ASSIGNED TASK
Restate, exactly as written, the entries below from the line that holds "Seagate Roofing and Foundation Services" through the line that holds "中国明星谁的座驾最贵 明星的车". Pictures are not part of the copy.

MATERIAL FOR THIS TASK
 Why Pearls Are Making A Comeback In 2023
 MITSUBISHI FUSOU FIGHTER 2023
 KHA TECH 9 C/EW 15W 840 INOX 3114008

* * *

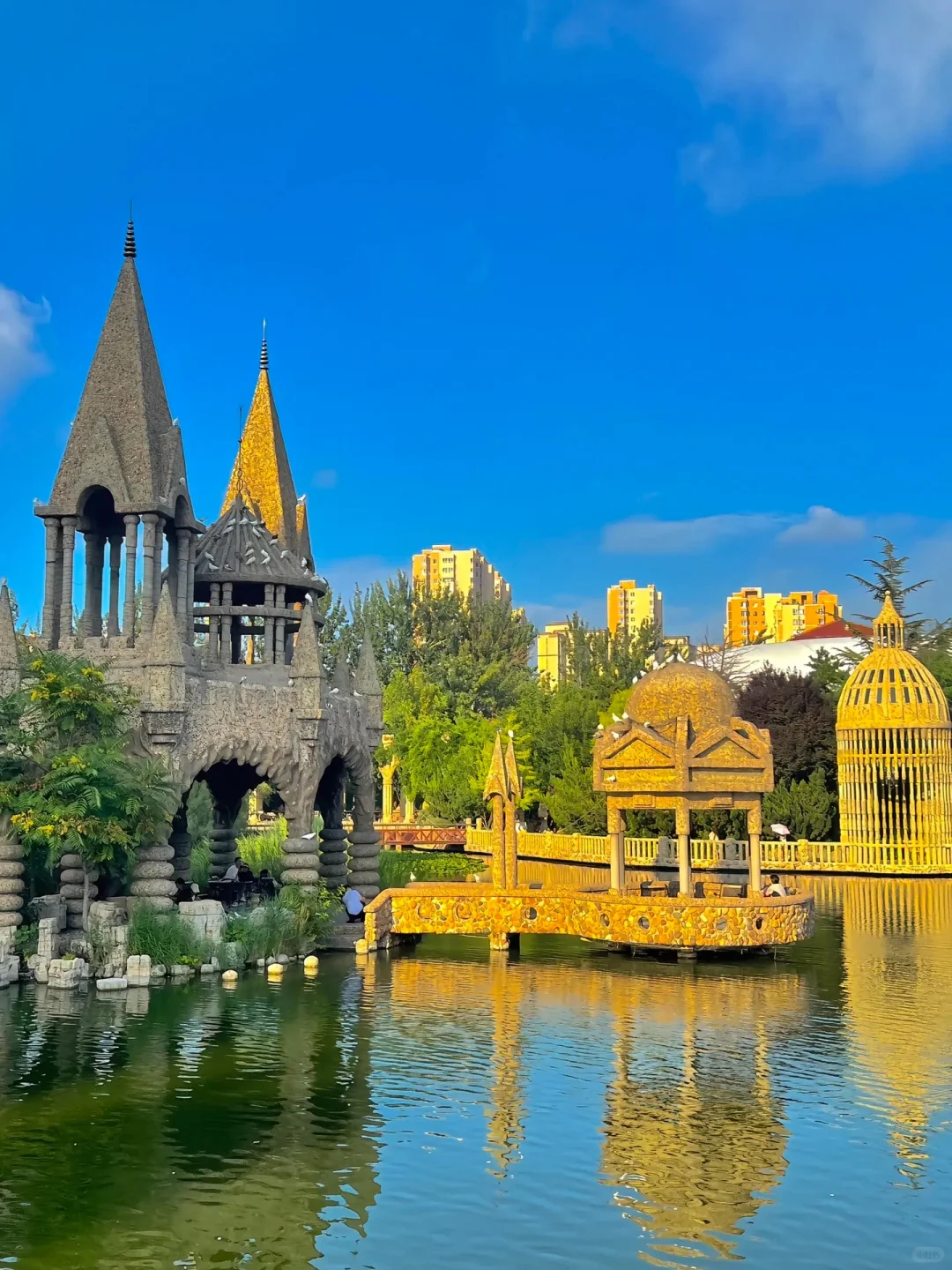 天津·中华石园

---

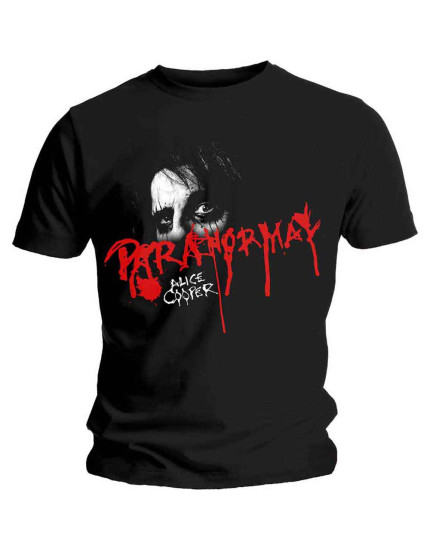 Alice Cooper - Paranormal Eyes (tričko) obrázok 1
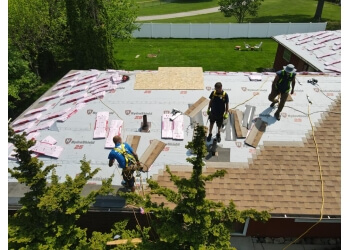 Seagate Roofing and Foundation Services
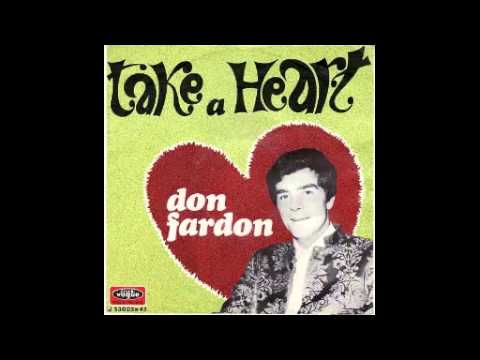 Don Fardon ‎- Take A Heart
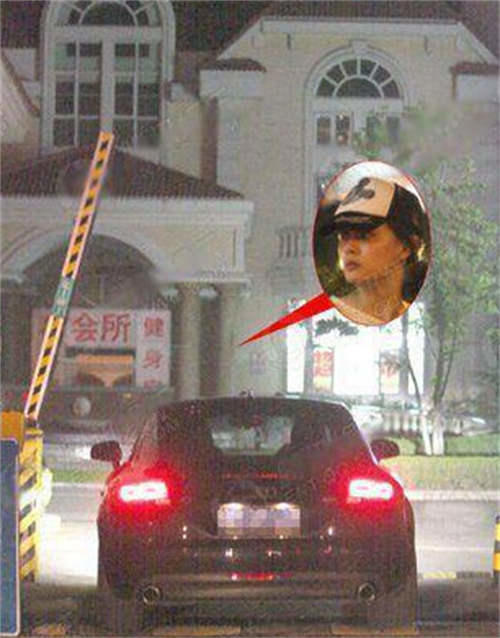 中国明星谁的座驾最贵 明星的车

WRITTEN SOLUTION
 Seagate Roofing and Foundation Services
 Don Fardon ‎- Take A Heart
 中国明星谁的座驾最贵 明星的车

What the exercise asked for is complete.